To do this, I've used techniques from both of these questions (to extract the line at a given angle, and then use UnivariateSpline to compute the FWHM given a 1d profile): How to extract an arbitrary line of values from a numpy array? and Finding the full width half maximum of a peak
However, I've noticed that my results are inconsistent. If I extract a profile at a given angle from the entire image (which is a (641, 641) array), I get a different result for the FWHM than if I get the profile at the same angle out of a (100,100) subimage where the object is centered. I realize that since the method involves interpolation, I will likely get different values along the profiles. But what I need is a reliable and consistent way to compute these FWHMs, and the angle at which it is maximized (since right now it's giving me a different angle for subimage vs whole image). Here's my code:
import numpy as np
from scipy.interpolate import UnivariateSpline
def profiles(image, theta):
max_y, max_x = np.where(image==1) #the image has been normalized so that the highest intensity point=1
max_y, max_x = max_y[0], max_x[0]
subimage = image[max_y-50:max_y+50, max_x-50:max_x+50] # now the maximum is exactly centered at (50, 50)

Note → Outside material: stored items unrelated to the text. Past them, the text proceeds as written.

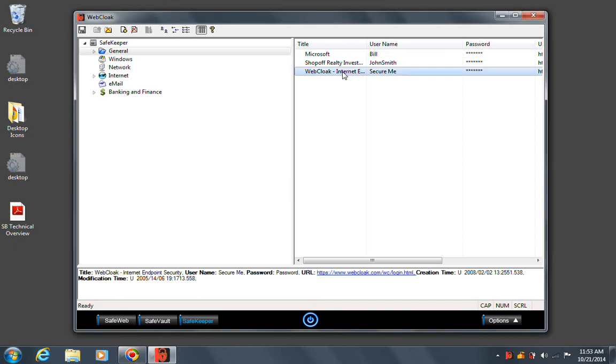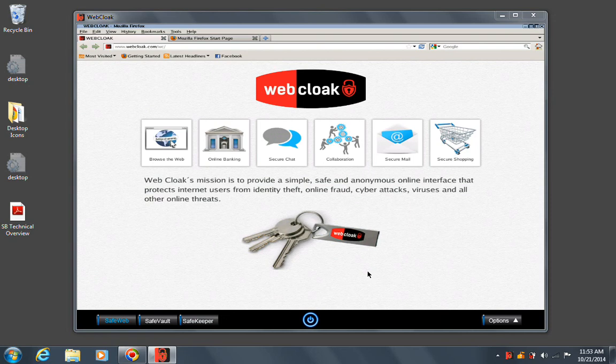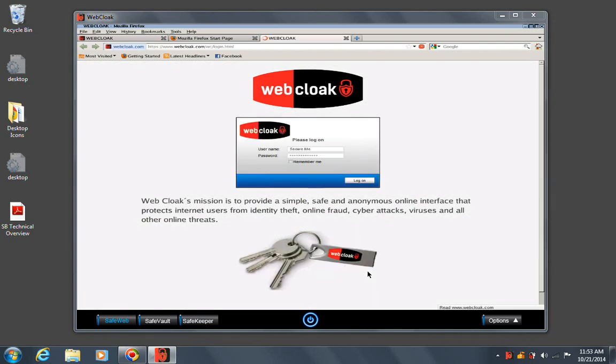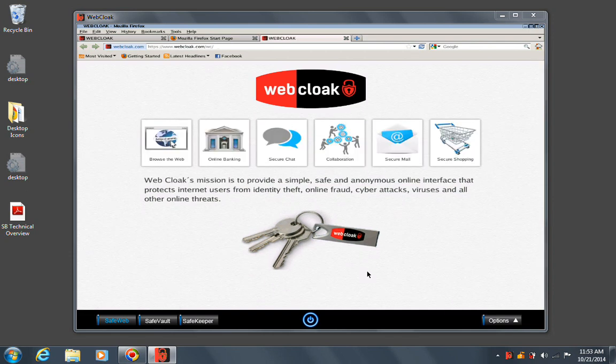When you want to access a site, simply select the entry and click the link. Webcloak switches to the SafeWeb browser and automatically logs you into the site. You don't need to remember all of your passwords, and all of your important sites are easy to find in the SafeKeeper system.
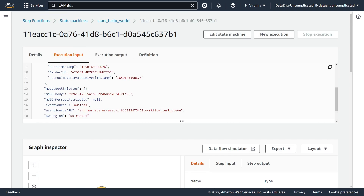I hope this video was helpful on how to trigger a state machine when a message comes in an SQS queue. Thanks so much for watching — if you thought this video was helpful, please hit that like button. If you're new to my channel, please consider subscribing if you're interested in videos on working with data on AWS. Thanks again and see you next time.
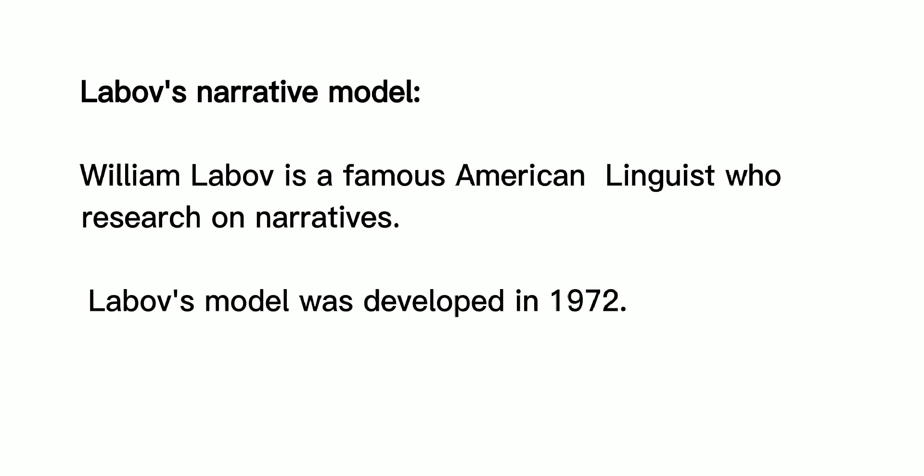Labov's narrative model. William Labov is a famous American linguist who researched narratives. Labov's model was developed in 1972.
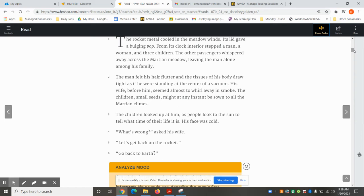The man felt his hair flutter and the tissues of his body draw tight, as if he were standing at the center of a vacuum. His wife before him seemed almost to whirl away in smoke. The children, small seeds, might at any instant be sown to all the Martian climes.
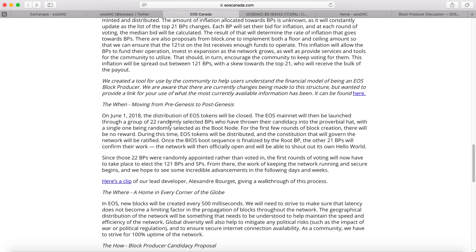On June 1st, the distribution of EOS tokens will be closed and the EOS mainnet will be launched through a group of 22 randomly selected block producers who already showed interest in being a block producer, with a single one randomly selected as the boot node. For the first few rounds of block creation there will be no reward. EOS tokens will be distributed on the EOS blockchain, then the constitution will be ratified. Once the BIOS boot sequence is finalized by the root producer, the other 21 will confirm the network and it will be officially launched.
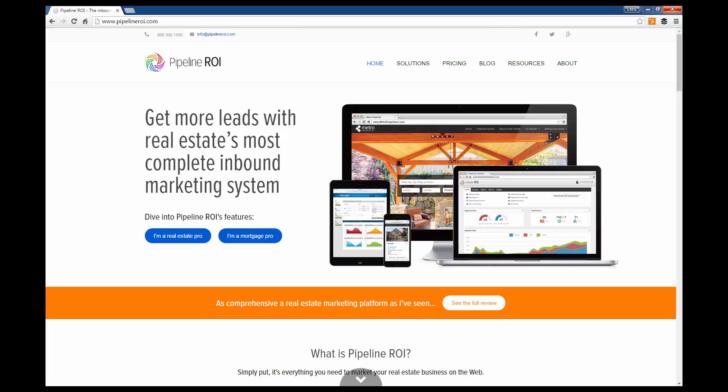Hello, this is Ashley with Pipeline ROI and I'm going to be showing you how to check to see if our platform integrates with your local board's MLS system through our IDX feed.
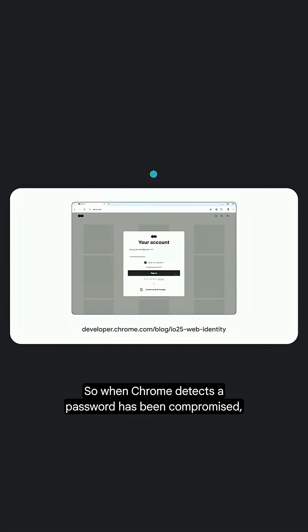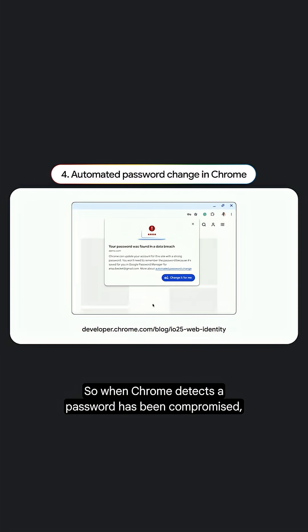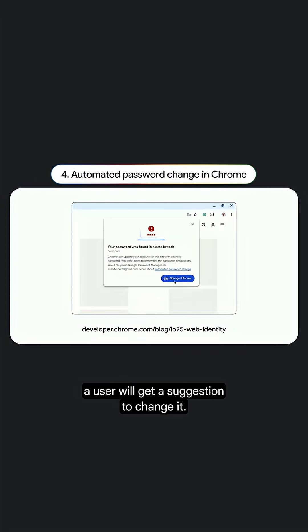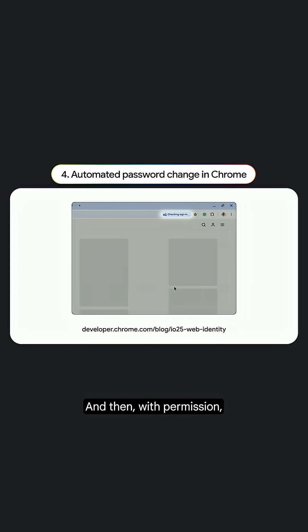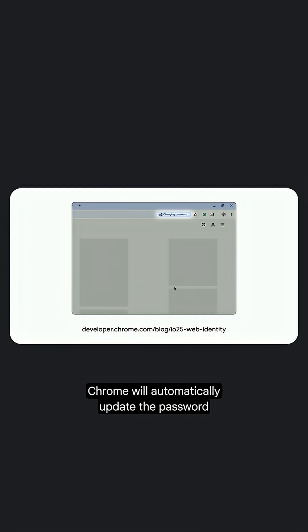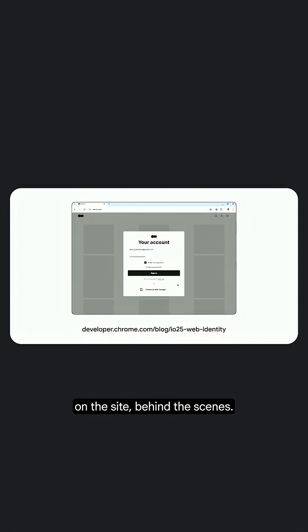So when Chrome detects that a password has been compromised, a user will get a suggestion to change it, and then with permission, Chrome will automatically update the password on the site behind the scenes.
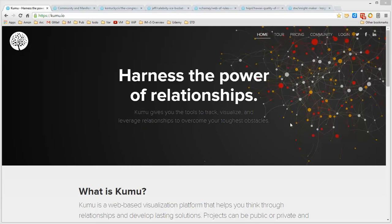Kumu is an environment for creating relationship maps, and like other environments, it's extremely deep and broad in terms of its functionality.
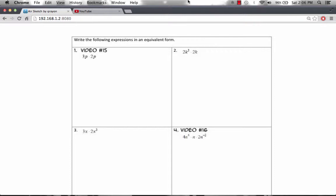We're asked to write the following expression in an equivalent form. We have 3p times 2p.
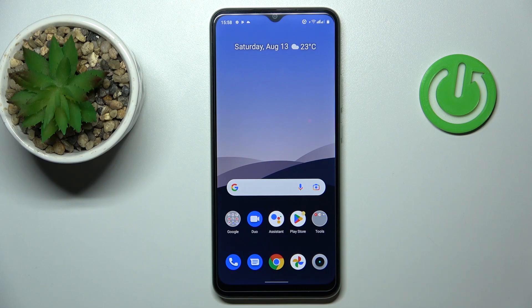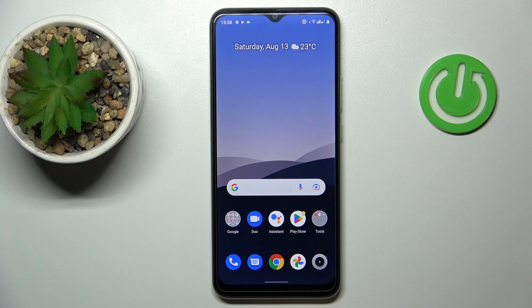Hello! Today in front of me I have the Realme Narzo 50i smartphone, and in this video we would like to demonstrate how you can check and find your mobile phone number on this device.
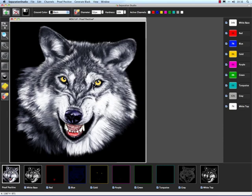And basically that's a quick run through of all of our tools and how they function in Separation Studio.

# Set up to extract profiles (do two legs to ensure it passes through centroid)
x_maj_1, y_maj_1 = 50-50*np.tan(theta), 0
mid_x, mid_y = 50, 50
x_maj_2, y_maj_2 = 50+50*np.tan(theta), 99
# Form axes
length_maj = int(round(np.hypot(x_maj_2-x_maj_1, y_maj_2-y_maj_1)))
x1, y1 = np.linspace(x_maj_1, mid_x, length_maj//2), np.linspace(y_maj_1, mid_y, length_maj//2)
x2, y2 = np.linspace(mid_x, x_maj_2, length_maj//2)[1:], np.linspace(mid_y, y_maj_2, length_maj//2)[1:]
# Concatenate legs
x_maj = np.concatenate((x1, x2), axis=0)
y_maj = np.concatenate((y1, y2), axis=0)
# Get profile
z_maj = subimage[y_maj.astype(np.int), x_maj.astype(np.int)]
return z_maj
def interpolate_width(axis):
half_max = 1/2
x = np.arange(0, len(axis))
spline = UnivariateSpline(x, axis-half_max, s=0)
r1, r2 = spline.roots()
return r2-r1 #FWHM in pixel units
Now, to find the angle from the y-axis at which the FWHM is maximized:
thetas = np.arange(0, 45, 0.5)
widths = []
for theta in thetas:
theta = np.deg2rad(theta)
z = profiles(image, theta)
width = interpolate_width(z)
widths.append(width)
fwhm_maj = max(widths)
angle_arg = np.array(widths).argmax()
angle_max = thetas[angle_arg]
print('Maximized FWHM and associated position angle:', fwhm_maj, angle_max)
Outputs: Maximized FWHM and associated position angle: 20.899 14.5
From the information on the website I linked, the pixel scale of the image is 0.275 arcseconds. So multiplying by that, the FWHM should at its maximum at a position angle of 14.5 degrees, with a value of about 5.75 arcseconds. However, Table 1 on the website clearly states that the maximized position angle from the y-axis is only 6 degrees, and that the FWHM of the major axis there is 7.36 arcseconds. So something must be wrong here.
And if I run this code again but on the whole image instead of a subimage, I get a completely different result for the angle and the FWHM. Does anyone know how I can find a more consistent (and accurate) method? Thank you!